It is not as simple as it seems. There is one piece of information that you did not provide: in what encoding does function C expect a path?
On Linux, paths are simply arrays of bytes (0 is invalid), and applications usually don't try to decode them. (However, they may have to decode them using a specific encoding, for example, to display them to the user, in which case they will usually try to decode them according to the current locale, which will often use UTF-8 encoding.)
On Windows, this is more complicated because there are variants of API functions that use the "ANSI" code page, and variants that use "Unicode" (UTF-16). In addition, Windows does not support the installation of UTF-8 as the "ANSI" code page. This means that if the library does not specifically expect UTF-8 and does not convert the path to its own encoding, passing it in the UTF-8 encoded path is definitely incorrect (although it might seem that it works for strings containing only ASCII characters).
(I do not know about other platforms, but this is already dirty enough.)
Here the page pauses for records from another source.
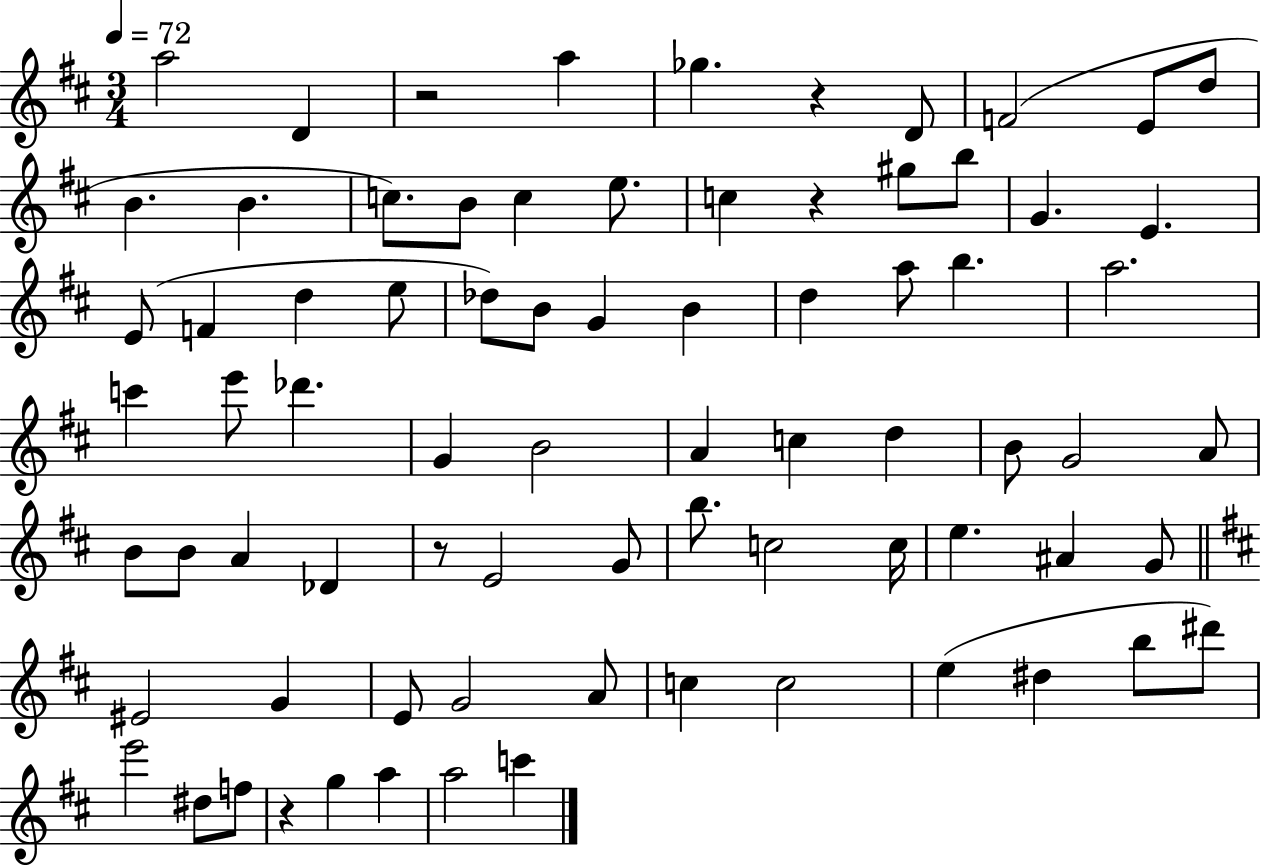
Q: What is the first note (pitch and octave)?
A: A5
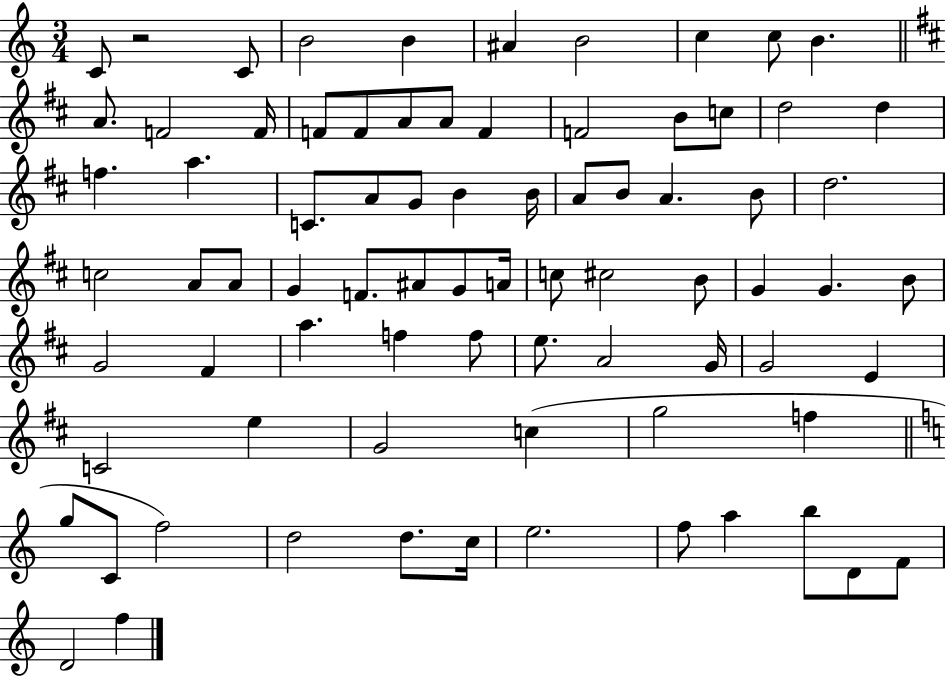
C4/e R/h C4/e B4/h B4/q A#4/q B4/h C5/q C5/e B4/q. A4/e. F4/h F4/s F4/e F4/e A4/e A4/e F4/q F4/h B4/e C5/e D5/h D5/q F5/q. A5/q. C4/e. A4/e G4/e B4/q B4/s A4/e B4/e A4/q. B4/e D5/h. C5/h A4/e A4/e G4/q F4/e. A#4/e G4/e A4/s C5/e C#5/h B4/e G4/q G4/q. B4/e G4/h F#4/q A5/q. F5/q F5/e E5/e. A4/h G4/s G4/h E4/q C4/h E5/q G4/h C5/q G5/h F5/q G5/e C4/e F5/h D5/h D5/e. C5/s E5/h. F5/e A5/q B5/e D4/e F4/e D4/h F5/q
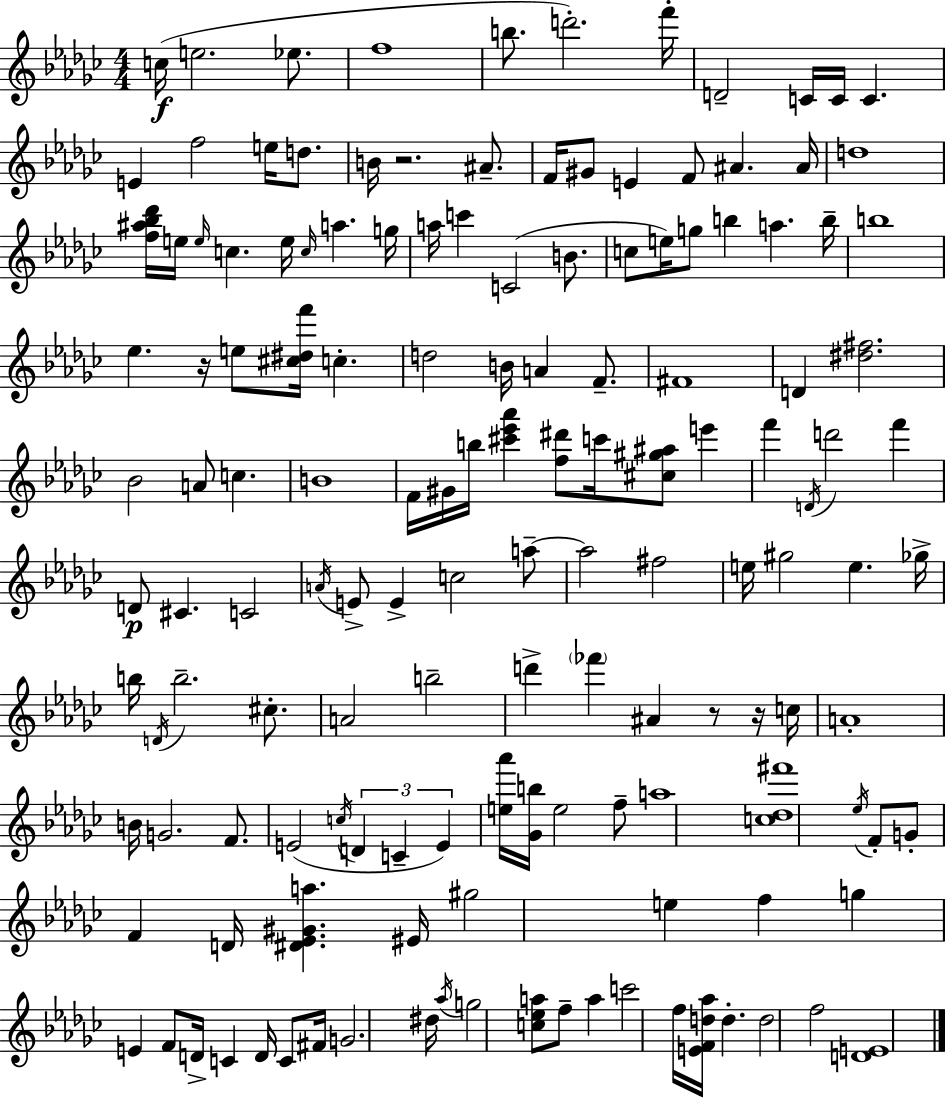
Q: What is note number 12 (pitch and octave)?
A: E4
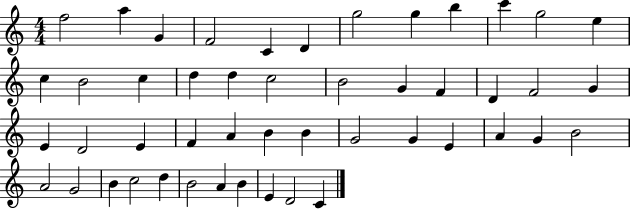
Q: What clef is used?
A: treble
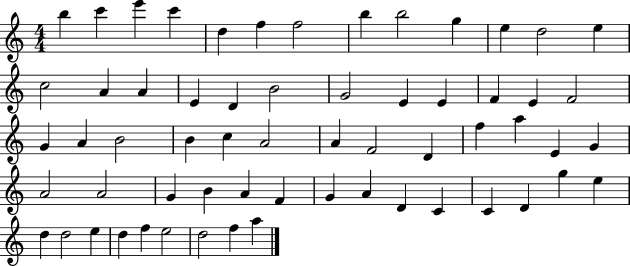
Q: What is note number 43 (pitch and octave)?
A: A4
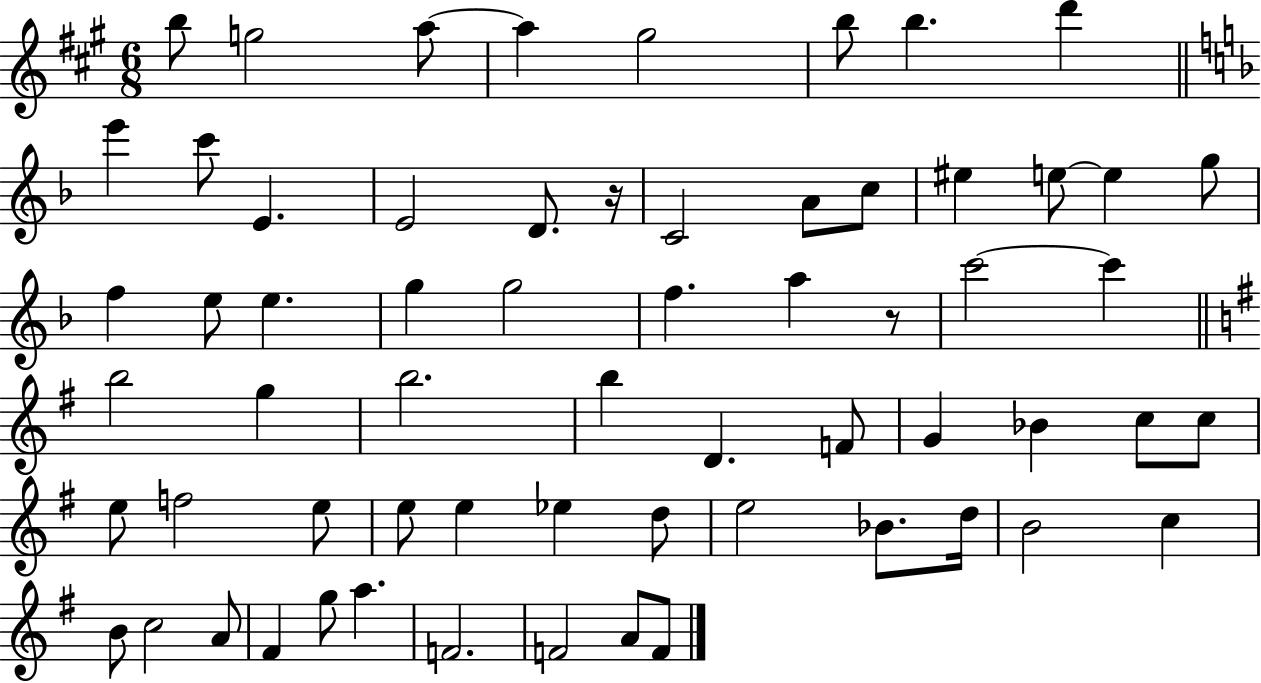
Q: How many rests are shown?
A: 2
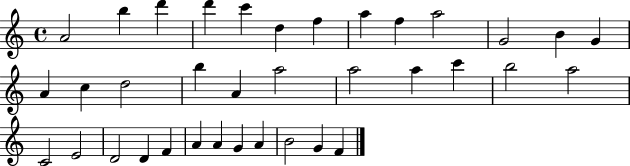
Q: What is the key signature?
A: C major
In Rust Path , it's just a shell for OsStr . OsStr uses a platform-specific view that turns out to be UTF-8 compatible when the string is indeed valid UTF-8, but non-UTF-8 strings use undefined encoding (on Windows it actually uses WTF-8 , but it is not negotiable. on Linux, it's just an array of bytes as is).
Before passing the path to the C function, you must determine in which encoding it expects the string, and if it does not match the Rust encoding, you will have to convert it before packing into a CString . Rust does not allow you to convert Path or OsStr to anything other than str regardless of platform. For Unix-based purposes, OsStrExt feature of OsStrExt that provides access to OsStr as a fragment of bytes.
Rust is used to provide the to_cstring method on OsStr , but it never stabilizes, and it was deprecated in Rust 1.6.0, as it turned out that the behavior was inappropriate for Windows (the UTF-8 encoded path returned to this, but for the Windows API, not I support it!).